Nunn, Nathan, and Raul Sanchez de la Sierra. Why Being Wrong can be Right: Magical Warfare Technologies and the Persistence of False Beliefs. No. w23207. National Bureau of Economic Research, 2017.
and I find it very interesting. Basically it is about why superstitions are good in certain cases. In this paper the author analyzes a case of a village in a Democratic Republic Congo. Namely, due to the unstable political situation there are lot of violence done by different military groups that regularly attack villages. To protect themselves people in some villages believe they can be made resistant to bullets by strictly following a special magical procedure. It's obviously false but in case someone dies they prescribe the fault to not following this special magical procedure. This sounds crazy, but the effect is interesting. While it hurts individuals, it helps the collective since more people are willing to engage in defending villages with the end result of having 2 years of peace in this specific village that was brought as an example.
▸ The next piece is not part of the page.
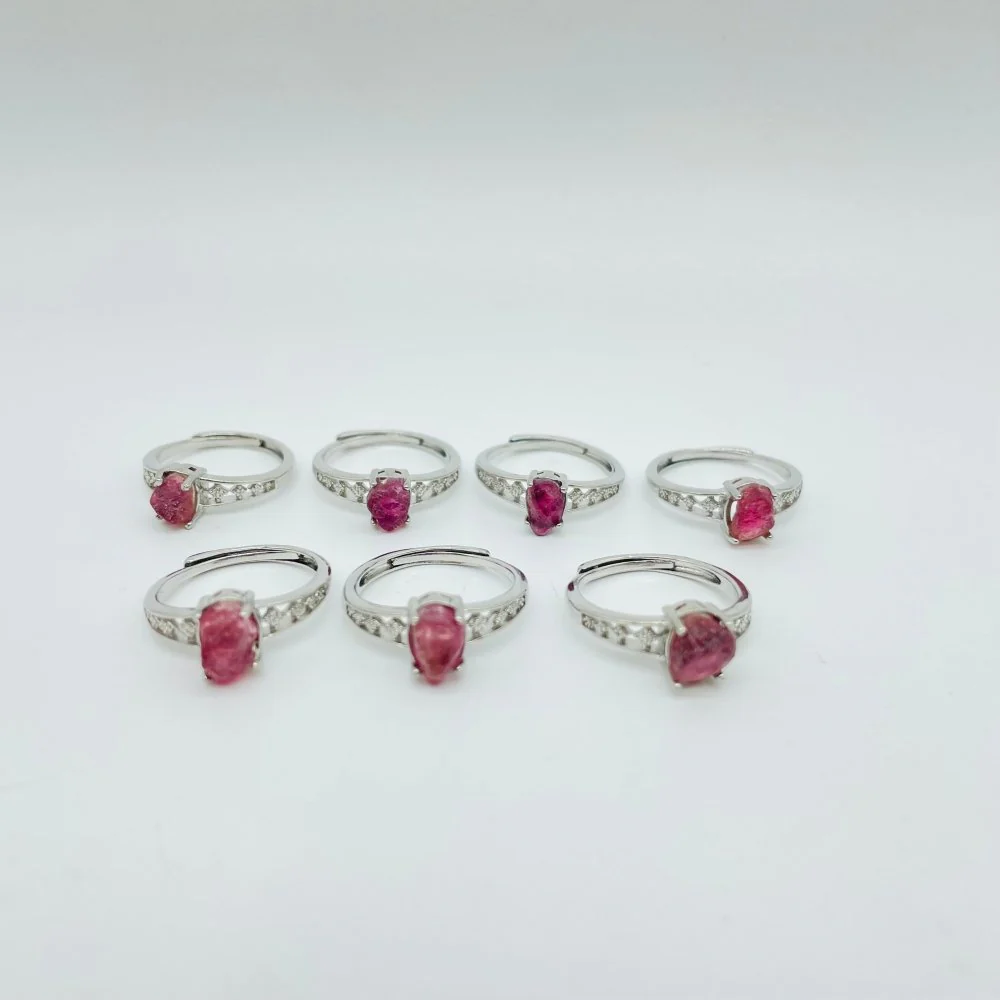 Beautiful Raw Red Tourmaline Gemstone Ring Wholesale - Image 2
The key is that the utility of individual increases by everyone contributing to defense, but decreases when individual invests more. This, in effect, means that everyone will not invest the best he can and thus the collective will suffer! The superstition encourages everyone to give the best they can thus helping the collective. This is brilliant!
This result provokes some thinking as to whether some superstitions that I find annoying are actually beneficial, like religion for example.